***** Collected data *****
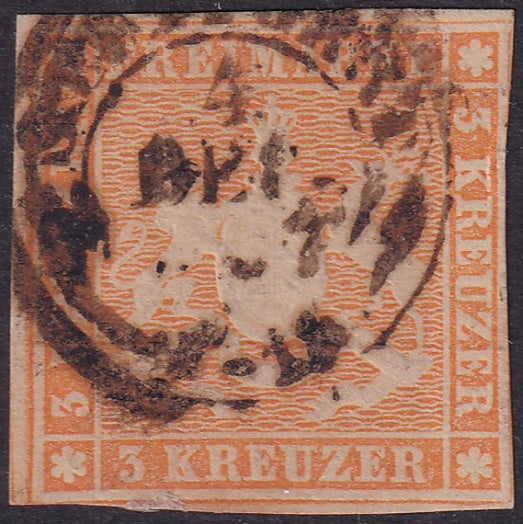 Wurttemberg 1857 Sc 9 used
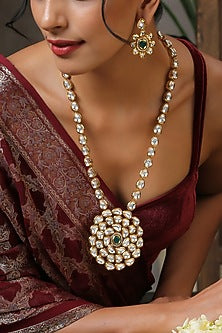 Gold Finish Kundan Polki Long Necklace Set
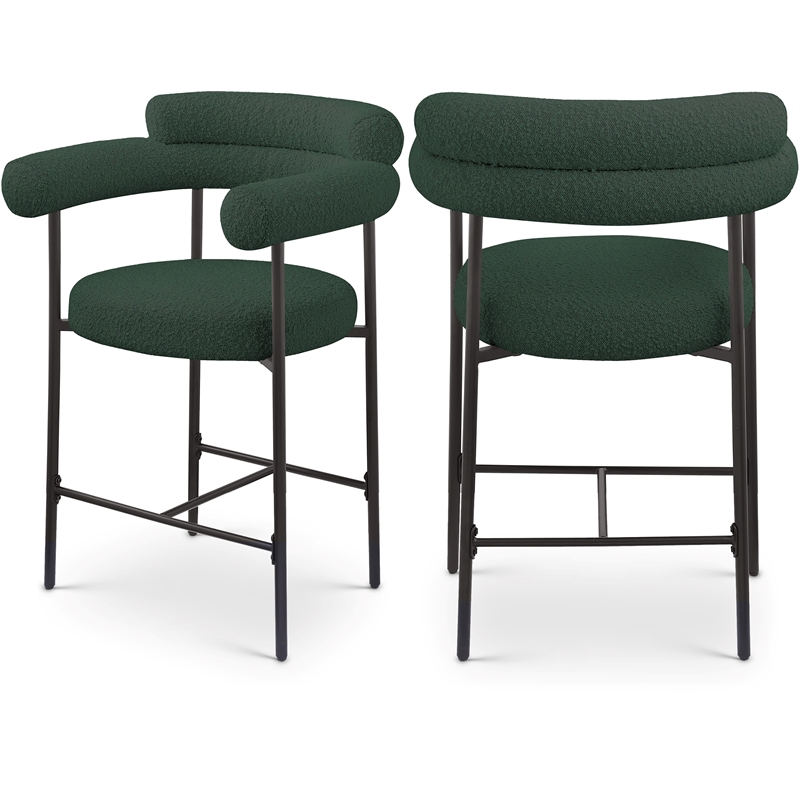 Meridian Furniture Blake Green Boucle Fabric Counter Stool (Set of 2)
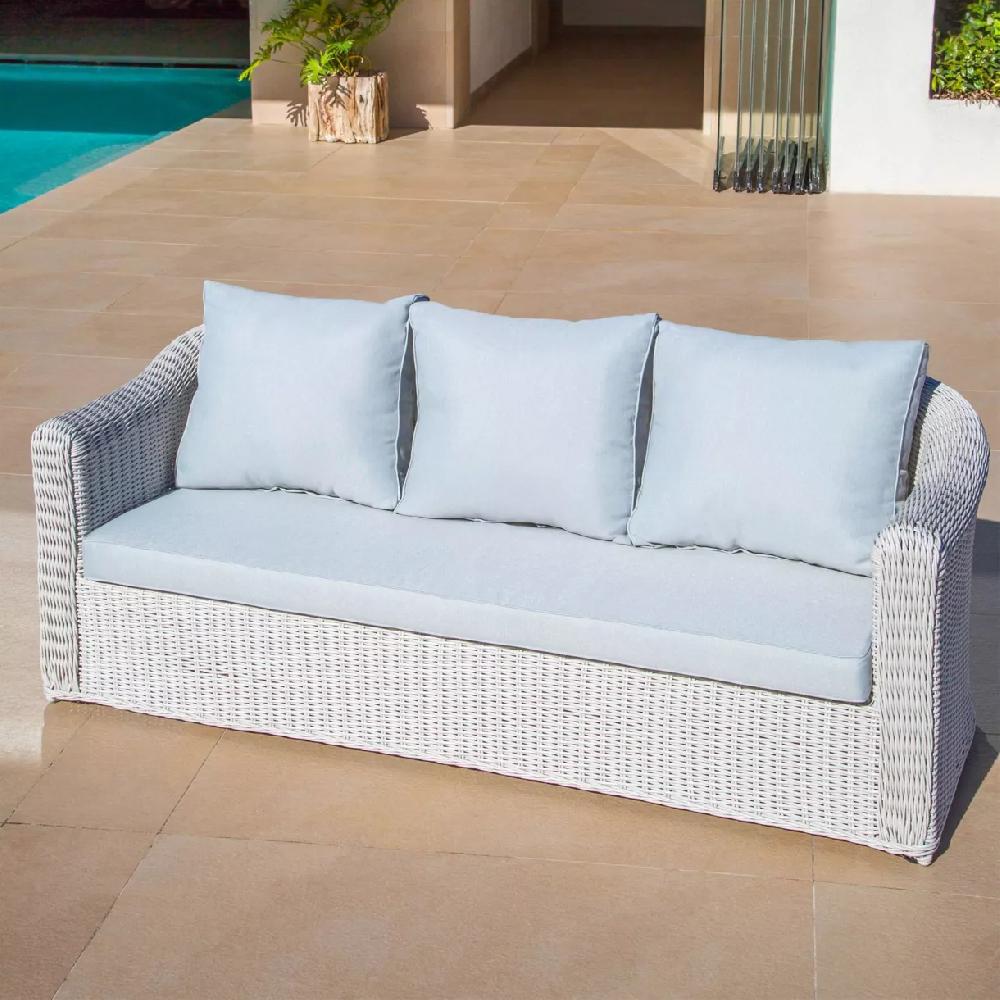 eminza Canapé de jardin en résine tressée 3 places Calvi Blanc et gris clair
*****
Please write out all the data word for word, but keep every picture out.

 Wurttemberg 1857 Sc 9 used
 Gold Finish Kundan Polki Long Necklace Set
 Meridian Furniture Blake Green Boucle Fabric Counter Stool (Set of 2)
 eminza Canapé de jardin en résine tressée 3 places Calvi Blanc et gris clair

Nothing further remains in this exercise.